- Exercise instructions
After locating the line that holds "Tous Foulard topo Kaos Mini Lines", copy that line and all that follow it word for word through the end of the data, with no pictures.

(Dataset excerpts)
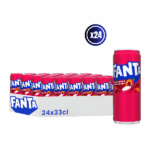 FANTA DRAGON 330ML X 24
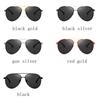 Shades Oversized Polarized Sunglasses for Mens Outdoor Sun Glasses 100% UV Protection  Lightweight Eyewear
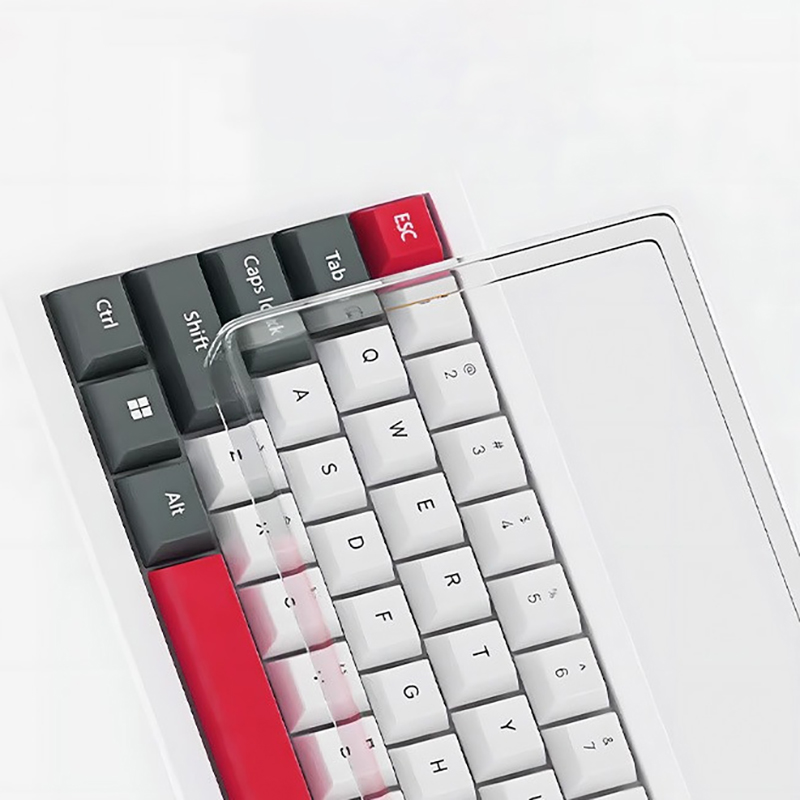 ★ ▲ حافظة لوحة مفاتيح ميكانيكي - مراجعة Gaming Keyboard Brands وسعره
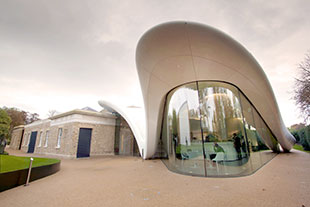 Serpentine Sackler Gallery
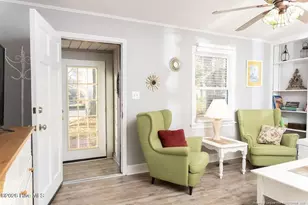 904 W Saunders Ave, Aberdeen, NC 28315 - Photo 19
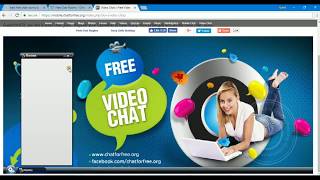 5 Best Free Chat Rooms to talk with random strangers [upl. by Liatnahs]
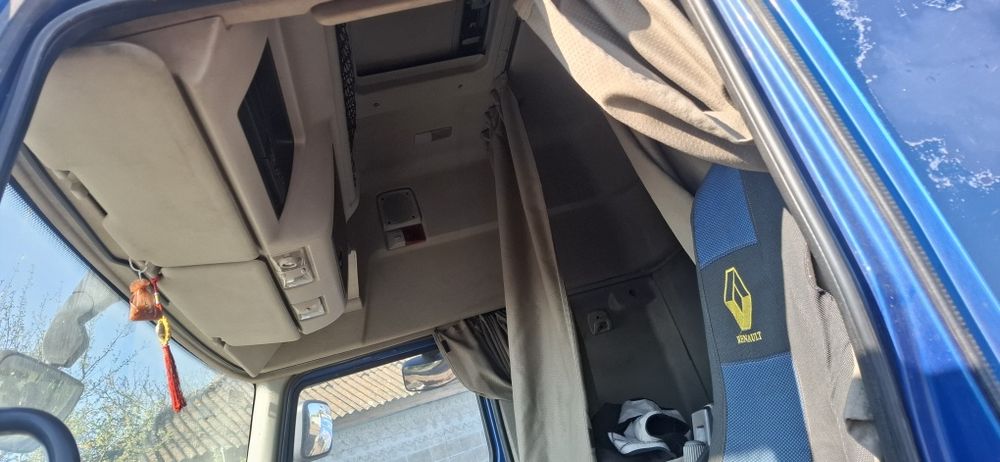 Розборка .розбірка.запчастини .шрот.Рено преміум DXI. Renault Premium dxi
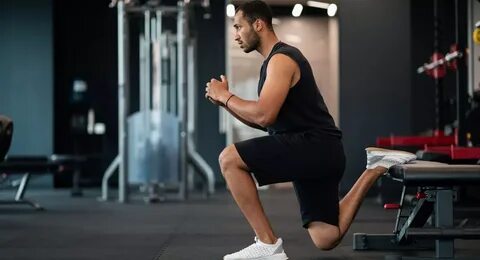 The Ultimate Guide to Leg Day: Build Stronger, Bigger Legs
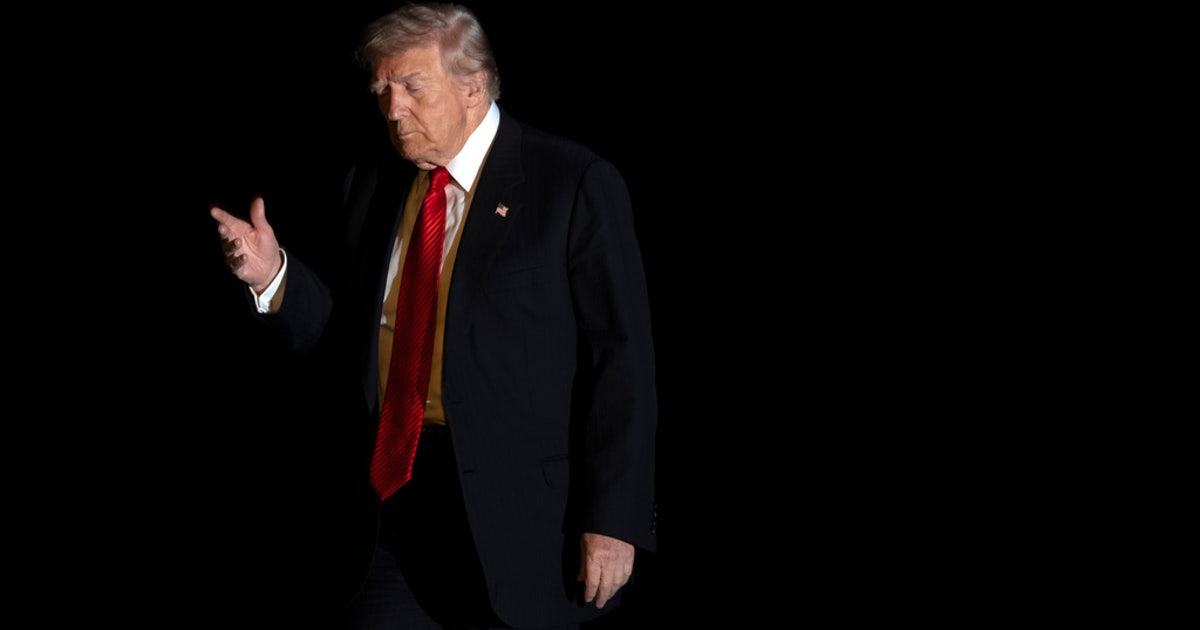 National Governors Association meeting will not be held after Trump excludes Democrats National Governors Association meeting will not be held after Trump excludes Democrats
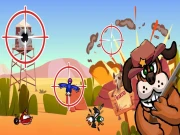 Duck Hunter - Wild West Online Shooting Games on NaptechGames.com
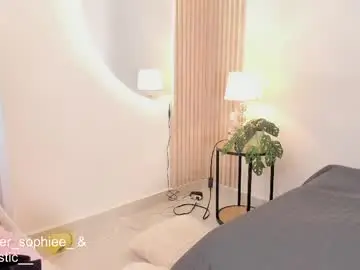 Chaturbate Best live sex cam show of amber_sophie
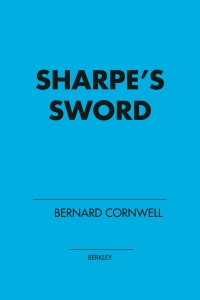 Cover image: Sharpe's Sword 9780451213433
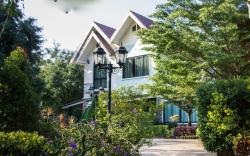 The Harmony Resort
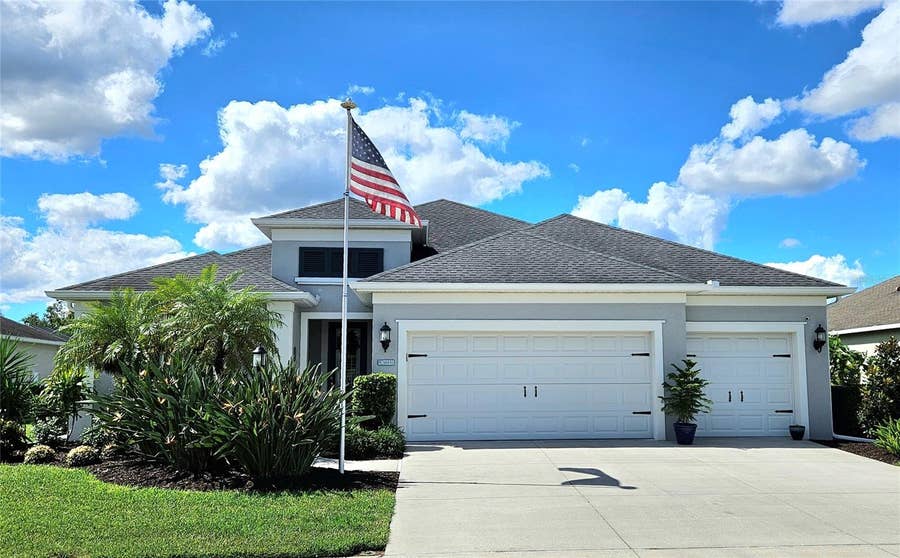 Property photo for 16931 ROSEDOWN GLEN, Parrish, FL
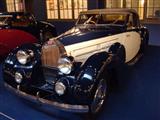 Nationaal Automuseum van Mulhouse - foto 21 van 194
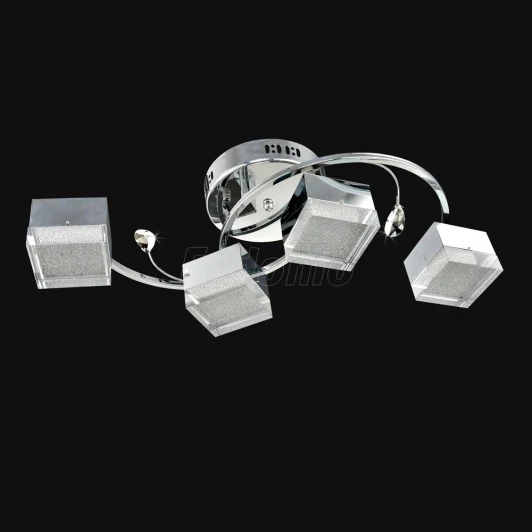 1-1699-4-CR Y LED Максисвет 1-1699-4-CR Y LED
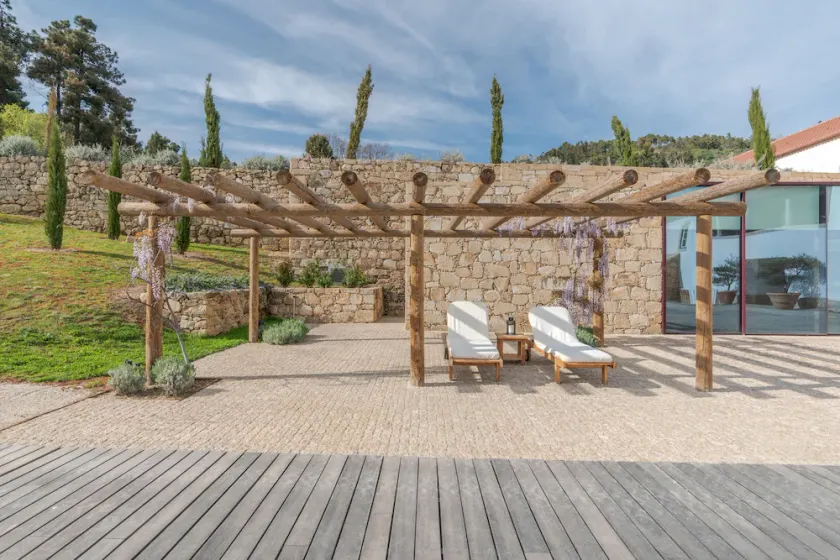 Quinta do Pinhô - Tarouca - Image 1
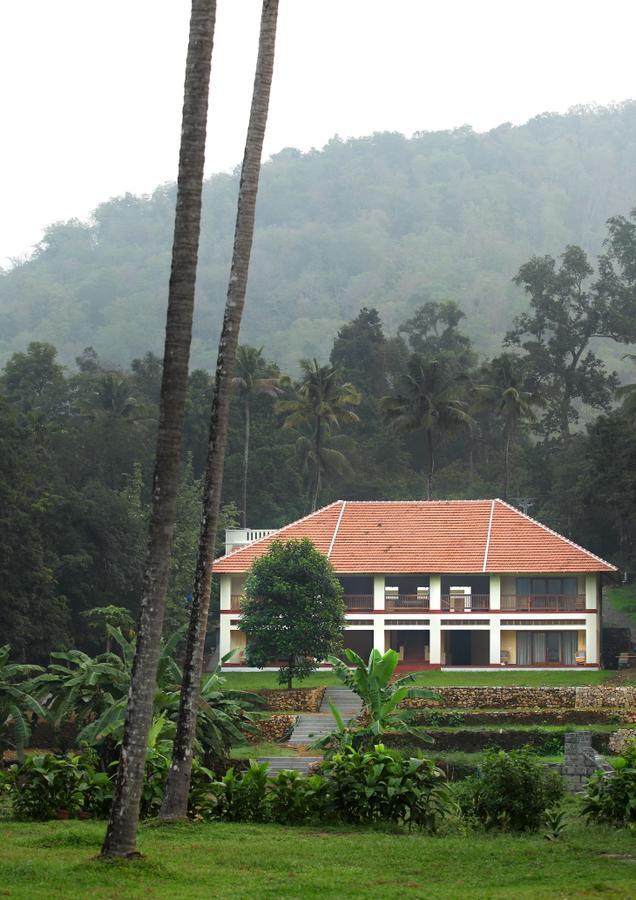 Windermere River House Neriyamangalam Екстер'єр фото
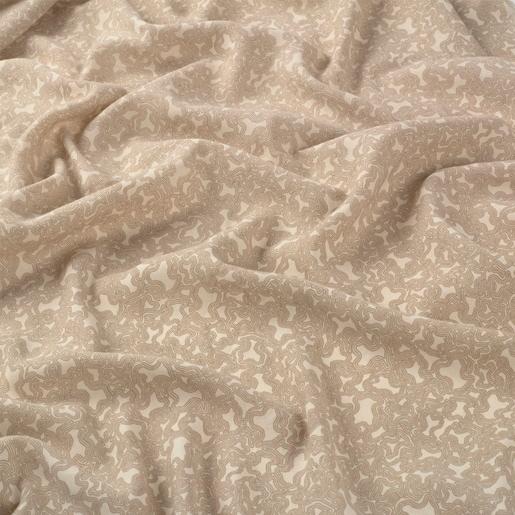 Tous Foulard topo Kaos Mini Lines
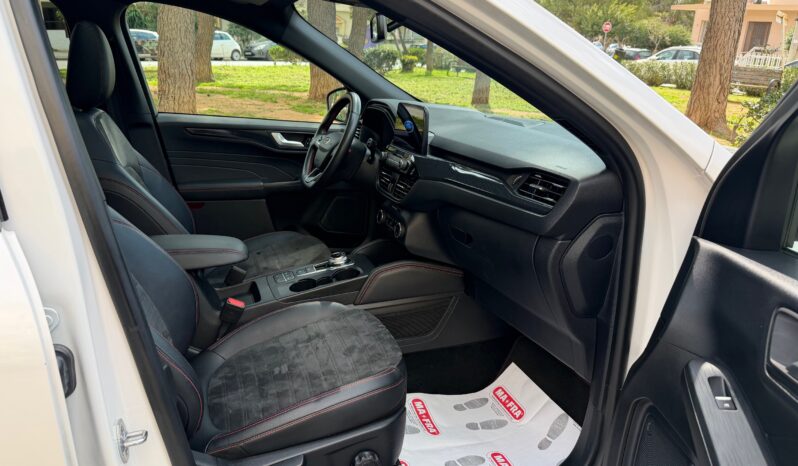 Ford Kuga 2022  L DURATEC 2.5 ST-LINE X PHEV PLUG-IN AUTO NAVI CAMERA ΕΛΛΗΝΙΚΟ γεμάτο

- Task output
 Tous Foulard topo Kaos Mini Lines
 Ford Kuga 2022  L DURATEC 2.5 ST-LINE X PHEV PLUG-IN AUTO NAVI CAMERA ΕΛΛΗΝΙΚΟ γεμάτο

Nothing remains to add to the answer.